Olderöck was also linked to the Purén Brigade, a DINA unit tasked with the killing and forced disappearance of detainees. Guzmán's biography, corroborated in press accounts, also states that after her parents' deaths Olderöck arranged for her own sister to be tortured and raped in order to seize the family inheritance.

== Assassination attempt and retirement ==
On 15 July 1981, Olderöck was shot in the head as she left her home on Calle Coventry in Ñuñoa, in an attack carried out by a commando of the Revolutionary Left Movement (MIR). She survived, with the bullet remaining lodged in her skull, and retired from the Carabineros afterward. Olderöck maintained that although the MIR carried out the shooting, it had actually been ordered by the Carabineros in retaliation for her defection from the force; according to Guzmán, she "always insisted that the deceased General César Mendoza gave the order for her assassination and that it was Major Julio Benimelli who carried it out." She and others also named Manuel Contreras, the DINA's former director, and agents Raúl Iturriaga Neumann and Ricardo Lawrence as possible instigators.

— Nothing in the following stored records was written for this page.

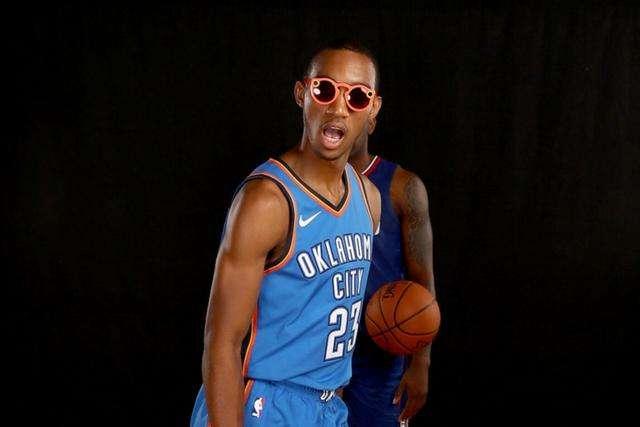 比苏马开场13秒吃黄牌 创造英超联赛历史纪录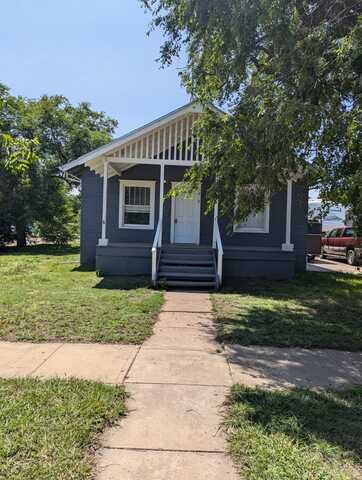 902 North Pershing Avenue, Liberal, KS 67901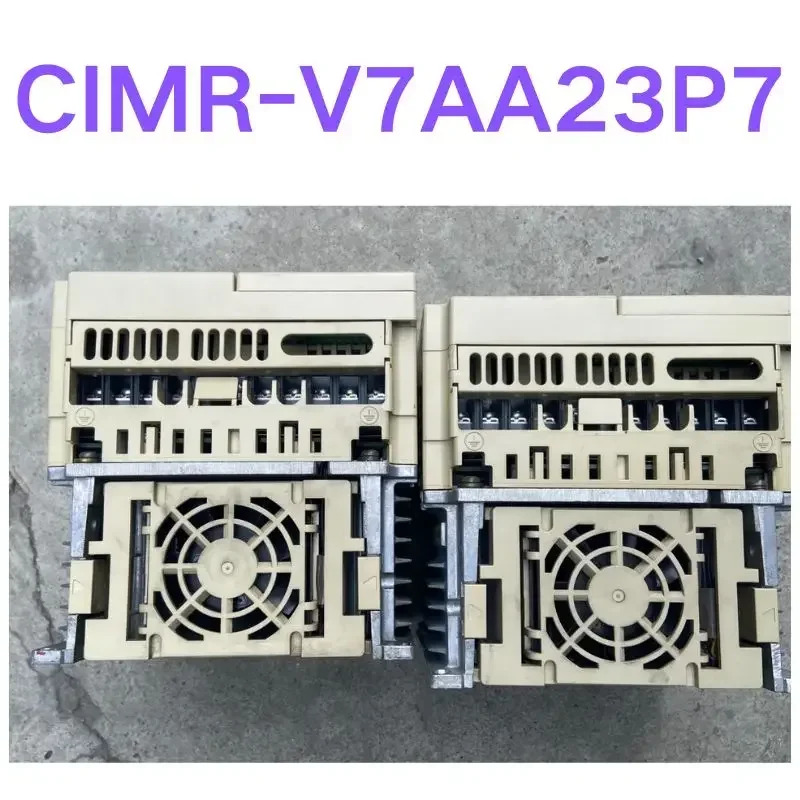 새제품 CIMR-V7AA23P7 Yaskawa 주파수 변환기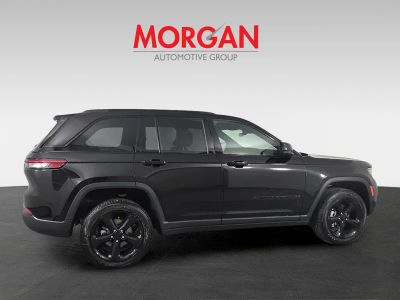 2025 Jeep Grand Cherokee — interior view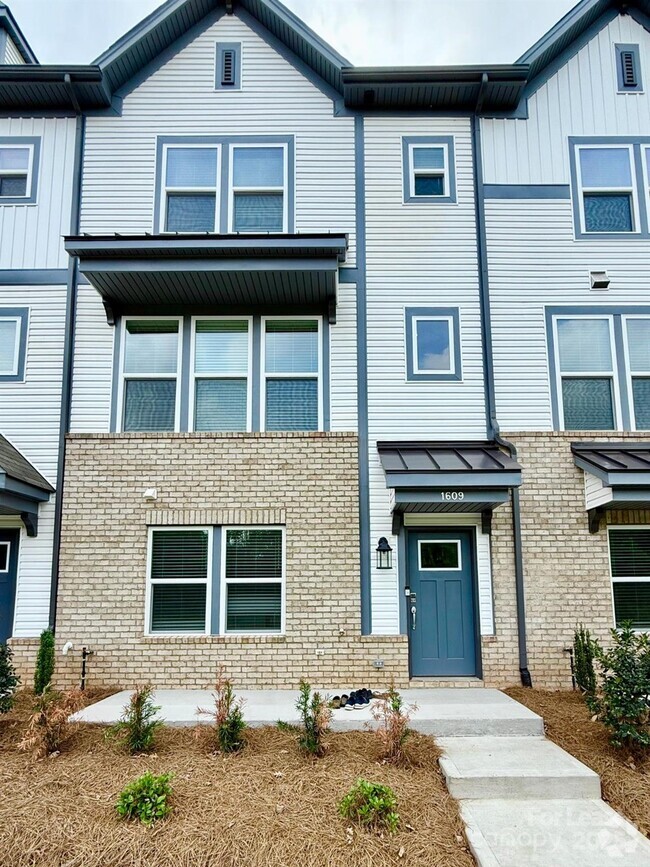 Building Photo - 1609 Blanche St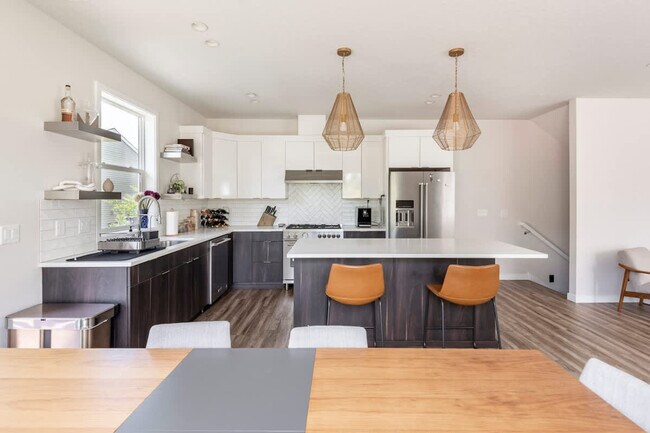 Building Photo - 5177 NE 14th Pl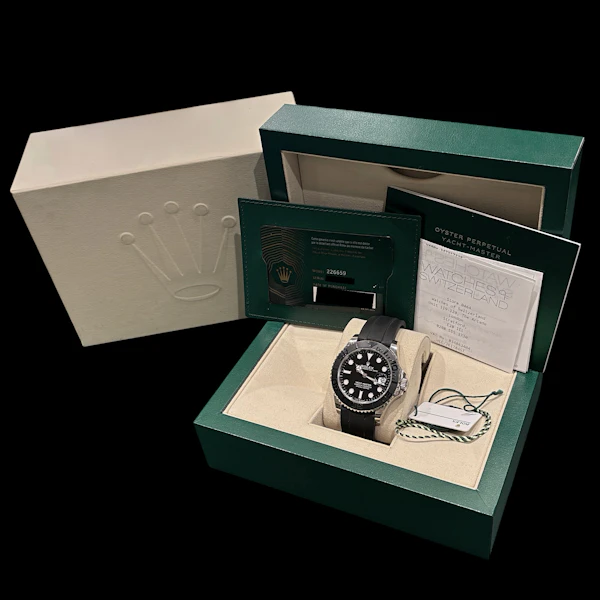 ROLEX YACHT-MASTER OYSTERFLEX 42mm WHITE GOLD FULL SET 2022 UK WATCH - 226659 - image 6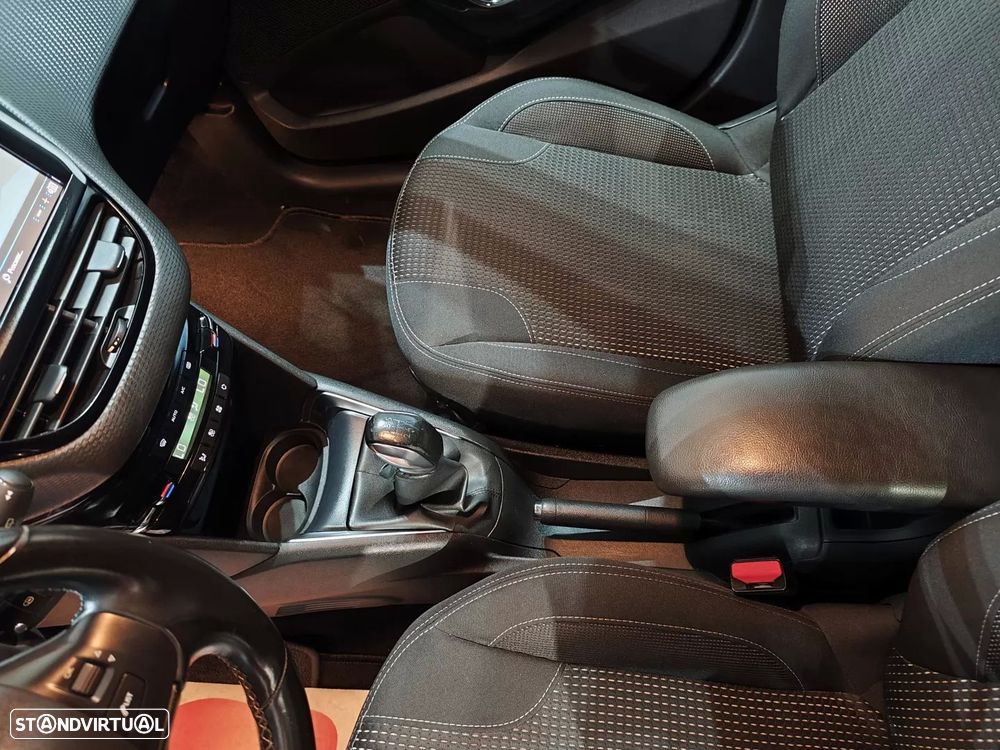 Peugeot 208 1.2 PureTech Allure - 20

In August 1987, Olderöck gave an interview to West German television in which she acknowledged that political prisoners in Chile were tortured in "macabre" ways, including the abuse of children to coerce confessions from their parents.

== Death and lack of accountability ==
Olderöck died in Santiago on 17 March 2001, at the age of 57, from an acute gastrointestinal hemorrhage. She had never been convicted, or even formally tried, for her role in the dictatorship's human rights violations; while alive, she attributed erratic behavior to the bullet still lodged in her head.

Other agents implicated alongside her at Venda Sexy did later face justice: in August 2023, Chile's Supreme Court upheld convictions against three former DINA agents, Manuel Rivas Díaz, Hugo Hernández Valle, and Raúl Iturriaga Neumann, sentencing each to 15 years and one day in prison for the aggravated kidnapping and sexual torture of ten detainees at the center in 1974, ruling that the crimes, as offenses against humanity, were not subject to reduced sentencing. Because Olderöck had died more than two decades earlier, she was never subject to a similar prosecution.

== Legacy ==
The house at Calle Irán 3037 was declared a national historic monument in 2016 under the name "Venda Sexy – Discotheque." After a lengthy campaign by survivors and victims' relatives, the Chilean state expropriated the property in 2023 and it was later redesignated the "Irán 3037 Memory Site," commemorating its history as a center of political and sexual violence; in 2025 the government granted a 25-year concession for the property to an association of survivors.

Olderöck's life inspired the stop-motion animated short film Bestia (2021), directed by Hugo Covarrubias, which was based in part on Nancy Guzmán's biography and depicts a DINA agent and her dog. The film won the Annie Award for best animated short subject and was nominated for the Academy Award for Best Animated Short Film at the 94th Academy Awards, but lost to the Spanish film The Windshield Wiper. The film has also drawn academic attention for its portrayal of the instrumentalization of animals under the dictatorship.

In 2019, the theater company La Bicibomba staged Yo amo a los perros ("I Love Dogs"), a play inspired by Olderöck's story and directed by Guillermo Alfaro, examining the violence of the dictatorship era. That same year, the play Irán #3037, directed by Patricia Artés and based on archival research and survivor testimony, dramatized the sexual and political violence committed at Venda Sexy.

== See also ==
- Human rights violations in Pinochet's Chile
- Dirección de Inteligencia Nacional
- Villa Grimaldi
- Londres 38

== Sources ==
- Guzmán, Nancy (2014). "Ingrid Olderock: la mujer de los perros"
- Valenzuela Sarrazin, Antonia (2024). "Dossier de Estudios Animales N.º II: Estudios críticos y prácticos sobre la explotación de los animales no humanos"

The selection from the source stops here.